到我的责问,由于和我的侄媳开过那样的玩笑,挨过我的骂。如今,她向我愤愤地批评不让她抛头露面的人,称之为封建顽固落后了!毫无疑问,今天她的愤懑和她的羡慕都是对的。我感到不安的已经不是这些,而是她对于那个封锁她、统治她,把她看做奴隶似的人,今天表示了这种温情是真实的吗?
“亲爱的溥仪”这句开头的称呼,是真情的流露吗?还是被我的去信的开头无意识地引起的?还是由于别的我不知道的原因……一九五三年,她请假回到长春母亲那里,请求劳动局分配工作,她做了一段时间临时的保育员,写信时正等着区劳动科分配工作。
在这封信的末尾,她表示了最大希望:要来看看我。在所长同意下,我的信写去了。不到十天,她突然出现在家属会见室里。家属会见室是这年新设备的房间,这是认罪检举时讯问员和我谈话的那间小屋改成的。我又在这里感到了一阵紧张,当然是和讯问员第一次时不同的紧张,但毕竟也是紧张。
我面前的那个小女孩,已经是个长成熟的、容光焕发的、美丽而温柔的少妇了。花布衣代替了从前的绫罗绸缎的旗袍,脸上没有了脂粉,梳着两个小辫,正像在报纸和画册上所看到的青年女工那样。
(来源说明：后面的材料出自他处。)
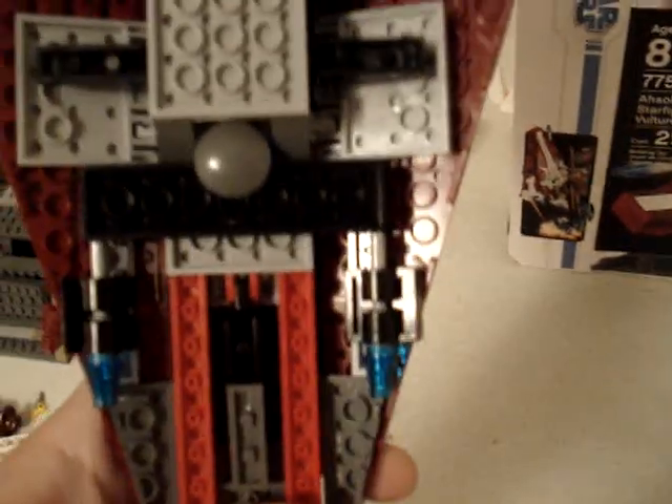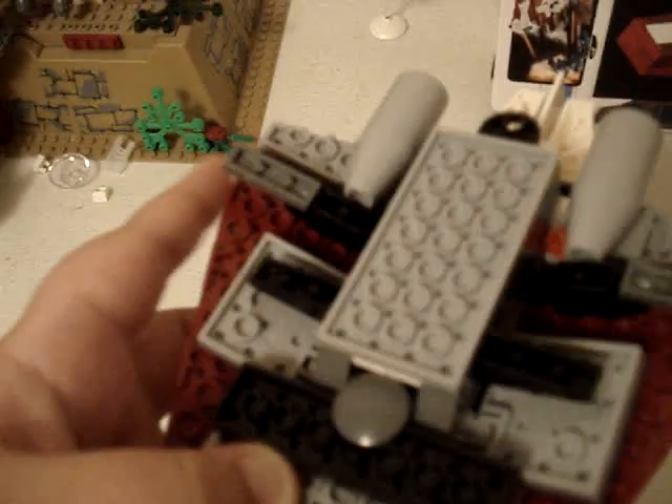There are stickers here, another sticker there, and another sticker right there. There are two engines in the back, there and there. On the bottom there is landing gear — landing gear there and there. And there are some flick-fire missiles right there.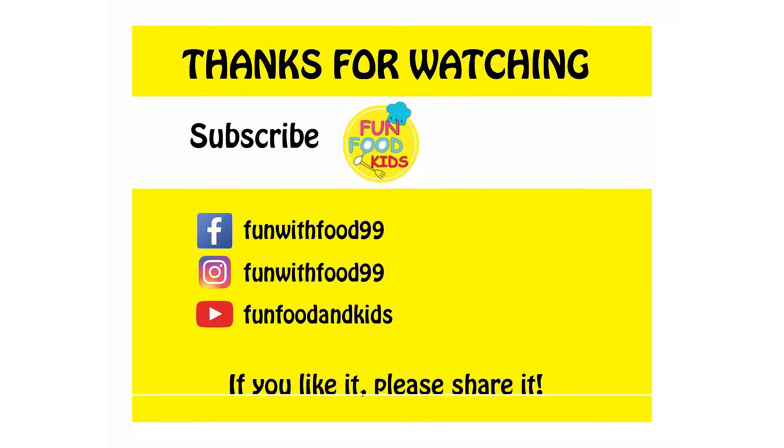Till then, keep watching our videos and don't forget to subscribe to our channel. See you guys next time! Bye!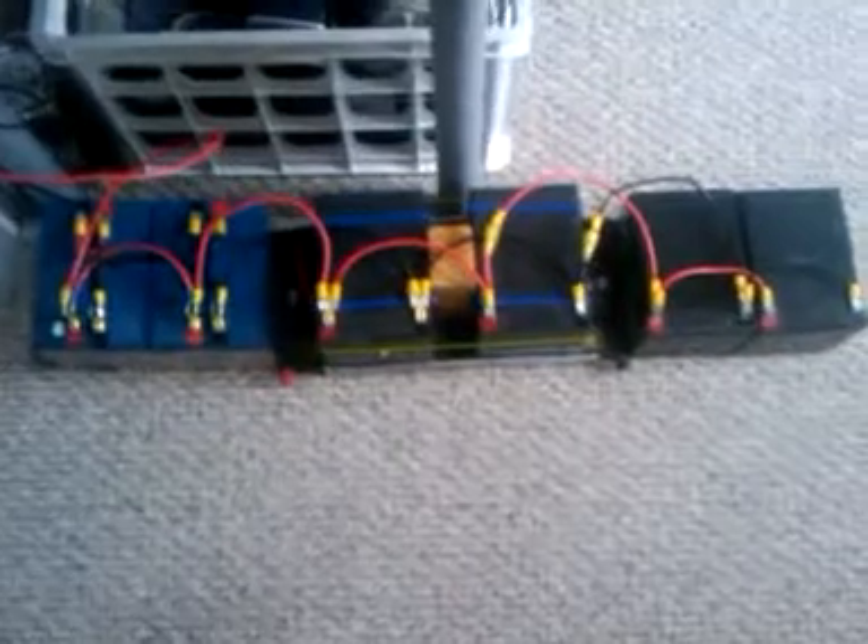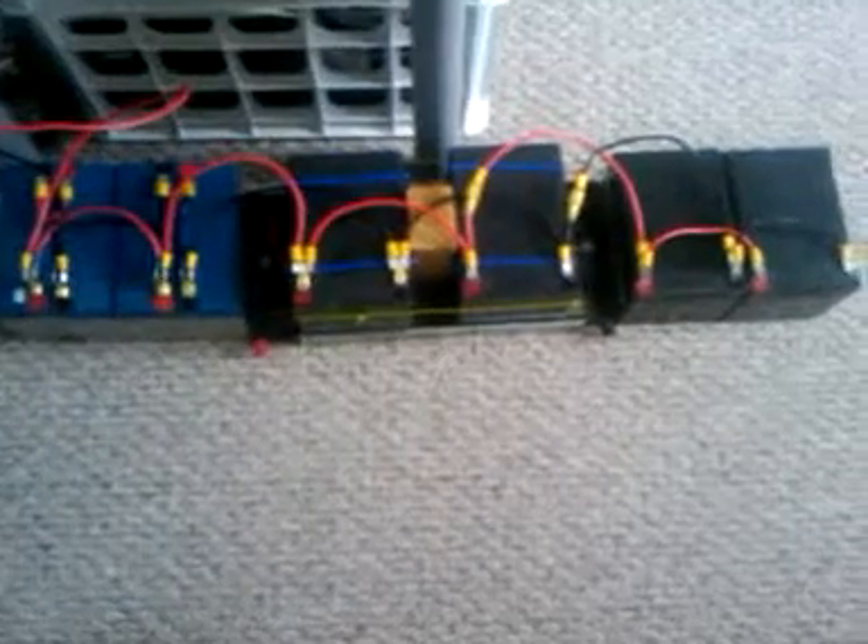On the output side we have a series of lead acid batteries. These are all 12 volt 10 amp hour batteries totaling 60 amp hours capacity — two pairs of 6 volt 10 amp hour batteries put together to make two 12 volt 10 amp hour batteries.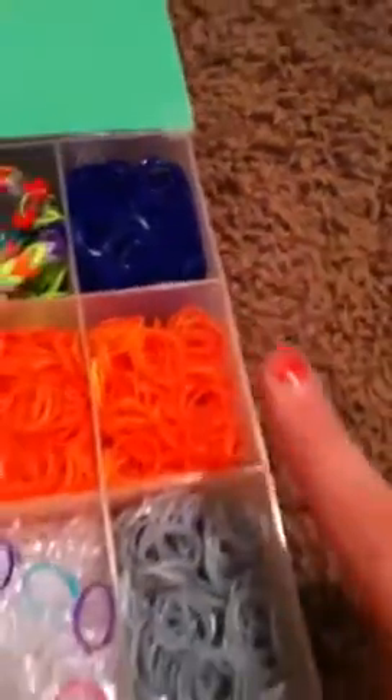Navy blue, orange, and silver. Then right here I have some more neon green. Then I have two bracelets — this one is a little bit different from a triple single. When you see how it holds together, it's kind of put on weird — I just thought I'd experiment. Then I just have a double. These are the bracelets I made today. So this is what's in this case, and I actually sorted that out today.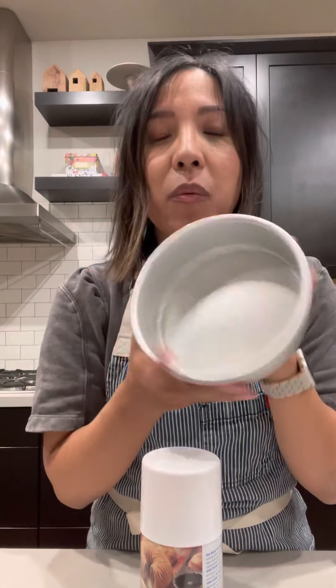And again, these are very easy. You just shake, spray, and put an even coating. I already did this one over the sink so it wouldn't get all over the counter.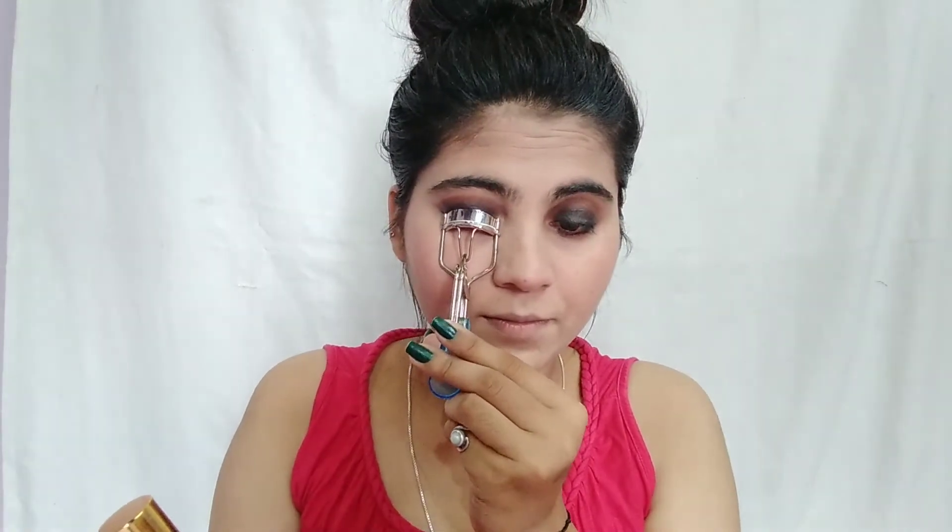I used ADS mascara. First, I curled my eyelashes with an eyelash curler, then applied mascara. It makes eyelashes look defined and curled easily. I did not use false eyelashes for this look.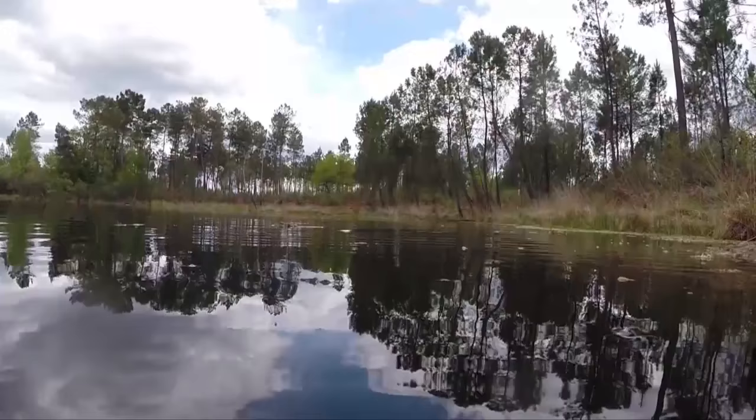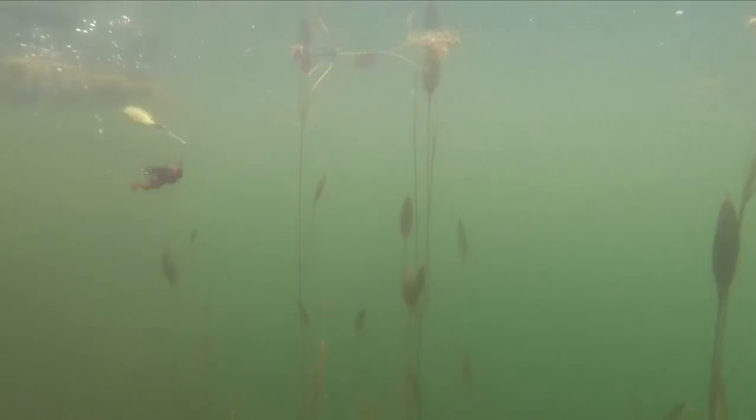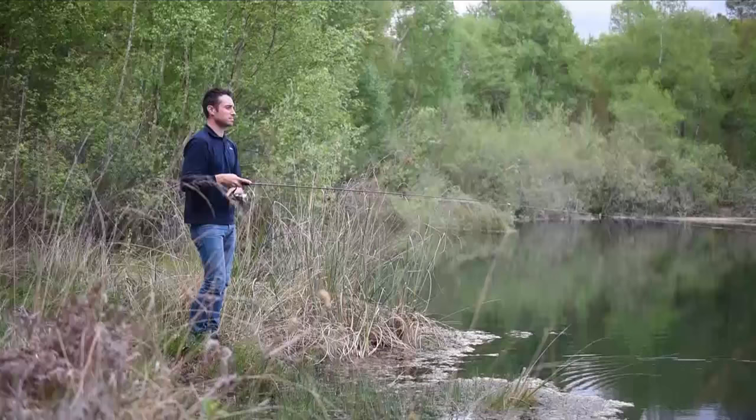With a spinner, you can fish at different depths because the lures are designed to sink. Always start by spinning quite close to the surface by reeling in the line relatively quickly with the rod held high. This will cover more water more quickly, attracting the most active fish.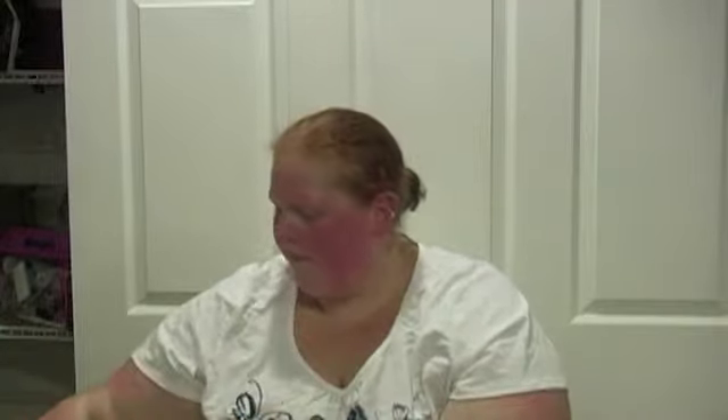I also got a new plugin — just a gray plugin with a little tiny design, you can barely see it up close. I needed another plugin for my bathroom. And I also got three refills: the Autumn Wreath Refill, the Apple Pumpkin Refill, and the Macintosh Refill. That's it for Yankee Candle.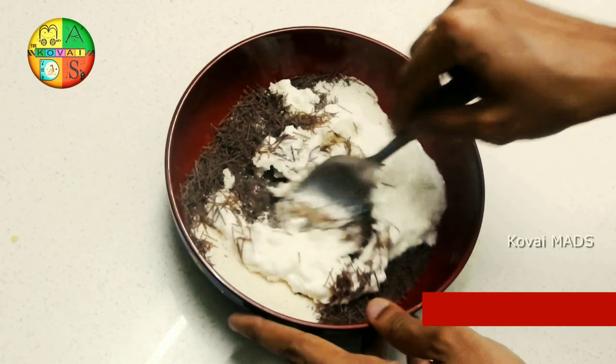Add mustard seeds. Add half a cup. Add curry leaves. Add red chili.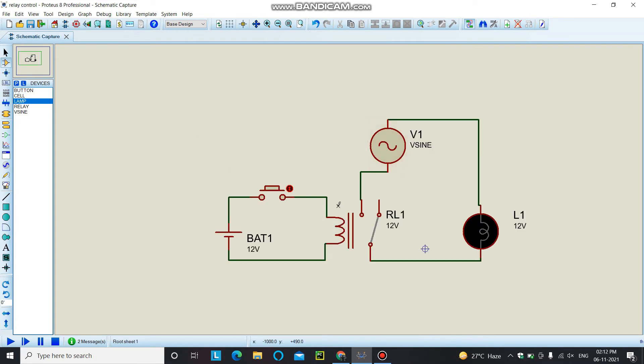This relay is actually an electromagnetic switch. The three pins — normally closed, normally open, and the common pin — work as a single pole double throw switch. When you energize the coil of this relay, the contact moves from one point to another, toggling the on and off condition of your load.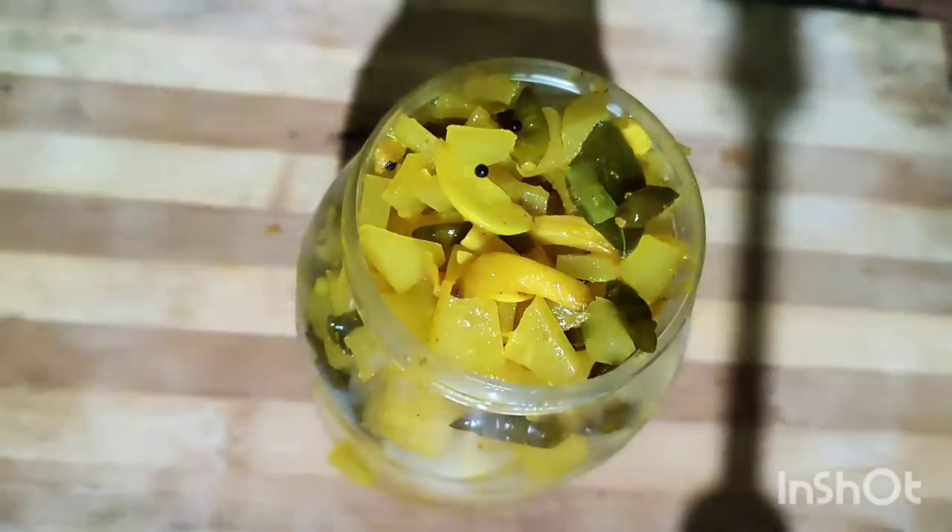In the container, we have to cook this container. We have to cook it for a few days. We are ready to cook it.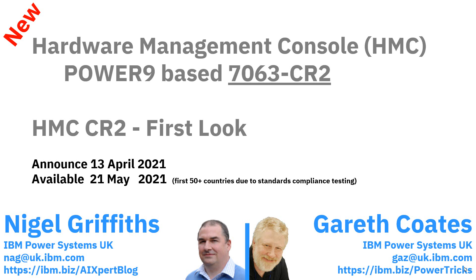Hello, my name is Nigel Griffiths. I work in IBM Power Systems in the UK. This video is about the new Hardware Management Console (HMC) based on the Power 9 processor - it's called a 7063-CR2. Most technical people will call it the HMC CR2. This video is a first look with lots of pictures. I'm sorry if English isn't your first language - I will be going quite quickly to keep the video short. It was announced on the 13th of April, about a week ago.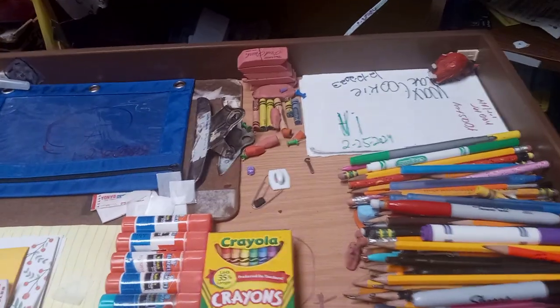Hey guys, welcome back to another video. Today this is my drawer — I just cleaned it all up and made it all nice and organized. Also notice there is basically a drawer core.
脸上已经没有长春时代的稚气和娇态。
我第一次看见了最亲切的微笑和想念的泪眼。她给我带来了手绢、袜子、糖果、纸本、相片,就像我从书上看到的探望远地丈夫的妻子所做的那样。在一年半的时间里,她来探望了我五次,探望的间隔里又不断写信。第一次见面时的谈话,她并不如信里说得多,但说得更富于感情。
总之,从第一次会面起,我忽然似乎懂得了什么叫做夫妻,什么叫做恋爱。当一九五六年的春天降临时,我真感到了春天,政府的宽大,人民的宽大,妻子的爱情,这就是我的春天,我的希望。她在一封信里有这样一段话:“我们重新建立新社会的幸福家庭,那时我们才是幸福呢!
”这种不自觉中流露出的向往,也令我觉出了她对旧日生活的厌弃。我想起了我们过去的家庭生活。那时是什么家庭生活呢?对于她,我不过是当做一名奴仆,一个工具,一个用来听我说些无处可说的蠢话的收音机,一个用来解闷出气的物件。
这可怜的姑娘被我训练成不能有一点儿主见,和对于“夫君”的怀疑。这段回忆对她无疑是不快的和耻辱的,她愿意重新建设和过去不同的生活,因此,她开始向我迂回地表示出她的意见了。每次看见她出现在我身边,每次看见她的来信,我都怀着一种负疚的心情。
这是一种奇怪的经历:越觉得负疚,感情却越是在滋长。我发现,随着见面和通信次数的增加,对她的感情和对未来的向往也逐渐强烈起来。“重新建立新社会的幸福生活”,这句话也越来越吸引着我。她的向往,她的希望,她的一切变化都在吸引着我。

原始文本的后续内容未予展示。